**PROMPT:** Nothing but the lines from the one with "Дитяча бавовняна футболка" through the last line of the entries below should appear in the copy, please, and no pictures.

Caption-style text data
=== Begin Enclosure ===
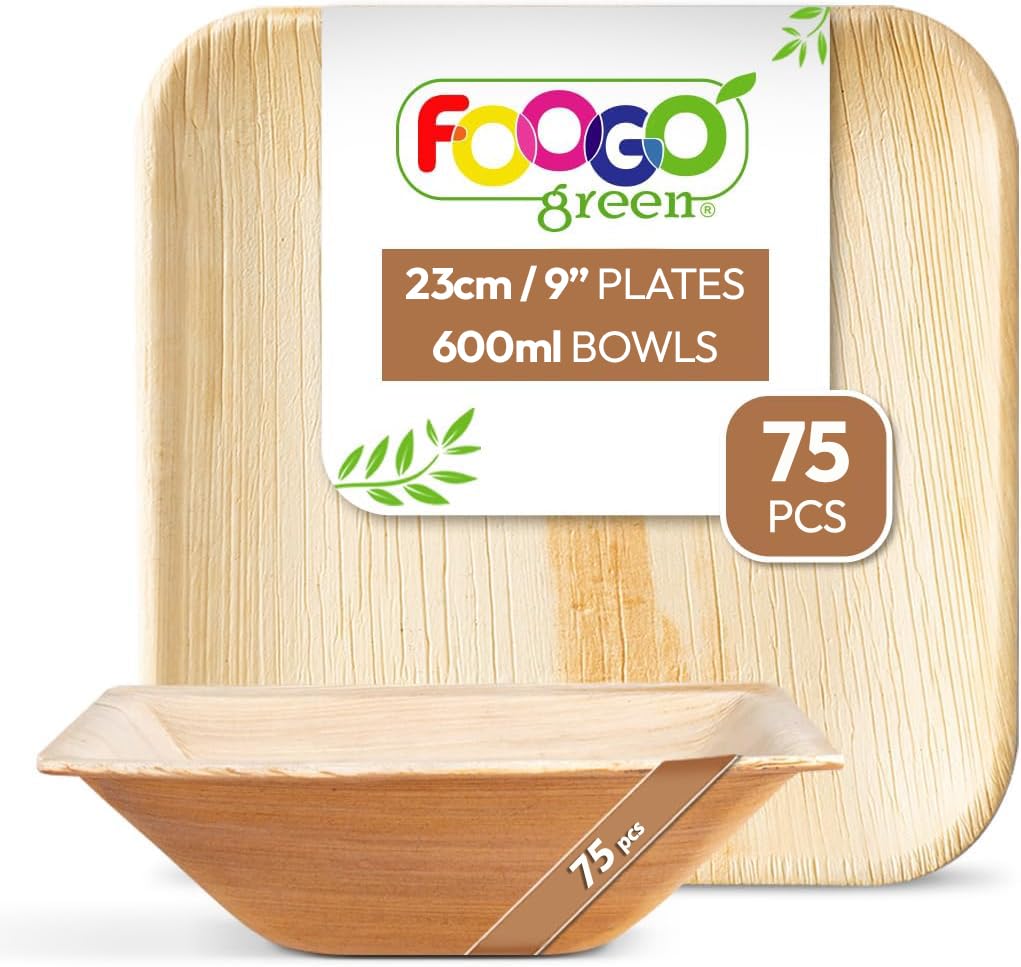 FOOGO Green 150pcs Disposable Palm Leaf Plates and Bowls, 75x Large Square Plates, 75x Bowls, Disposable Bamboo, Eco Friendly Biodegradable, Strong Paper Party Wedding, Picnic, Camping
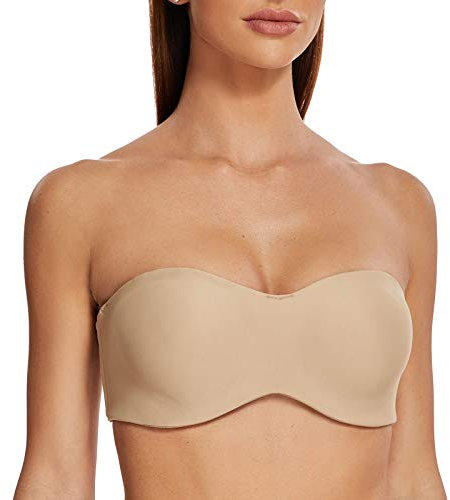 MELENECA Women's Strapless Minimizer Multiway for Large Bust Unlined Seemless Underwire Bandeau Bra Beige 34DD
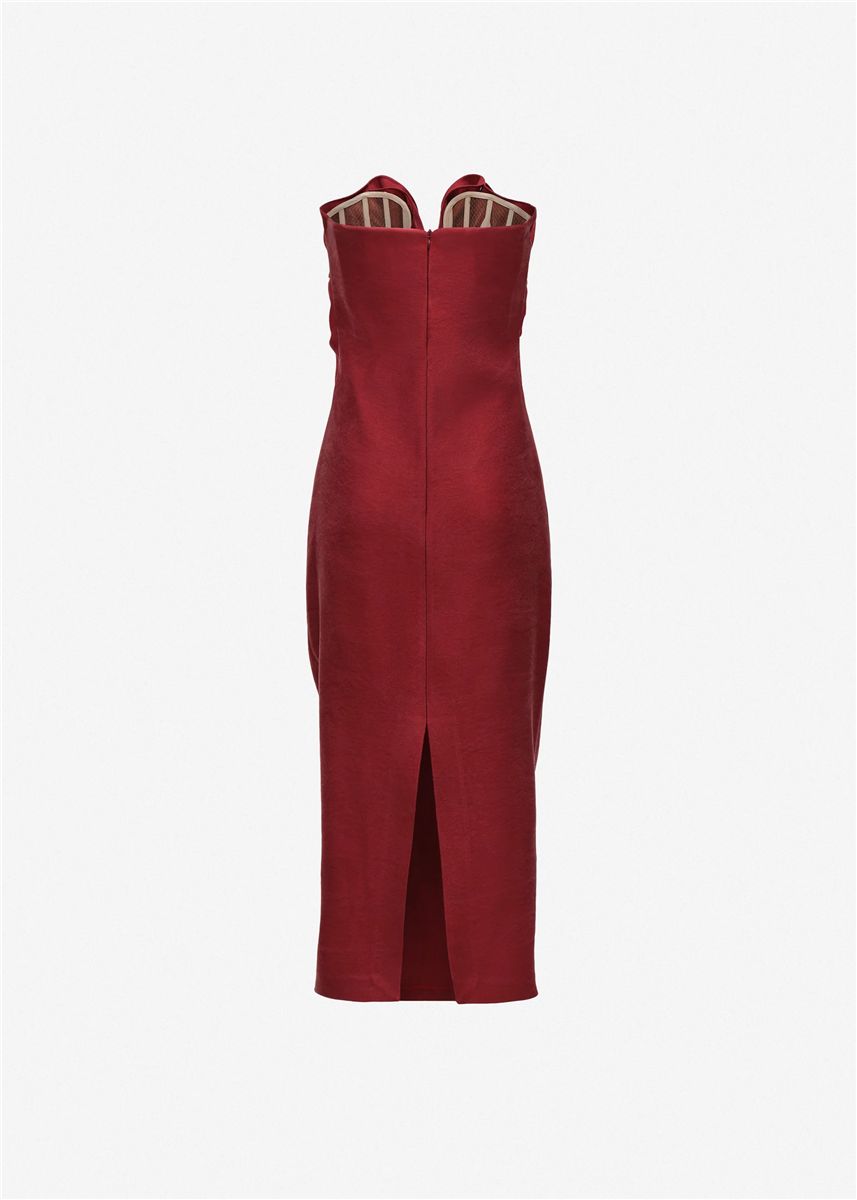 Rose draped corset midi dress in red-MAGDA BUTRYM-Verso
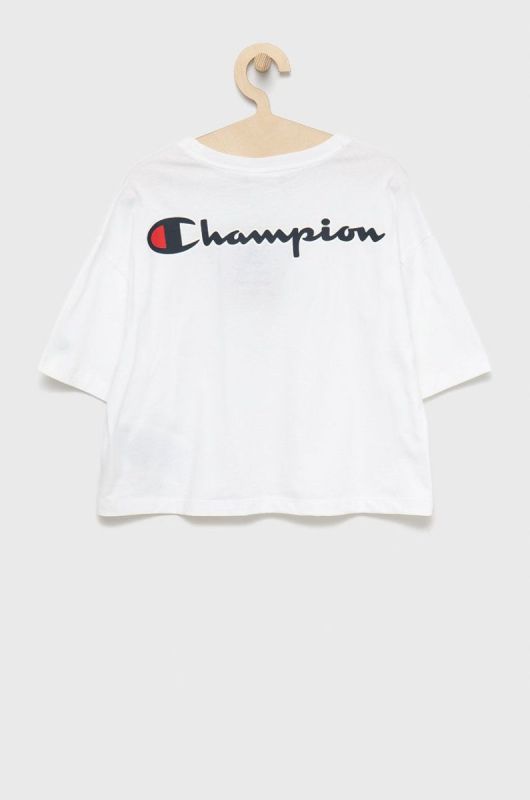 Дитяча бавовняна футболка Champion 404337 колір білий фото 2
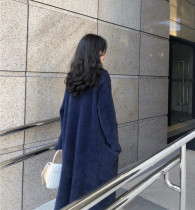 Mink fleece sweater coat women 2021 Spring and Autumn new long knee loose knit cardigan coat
=== End Enclosure ===
**SOLUTION BELOW:**
 Дитяча бавовняна футболка Champion 404337 колір білий фото 2
 Mink fleece sweater coat women 2021 Spring and Autumn new long knee loose knit cardigan coat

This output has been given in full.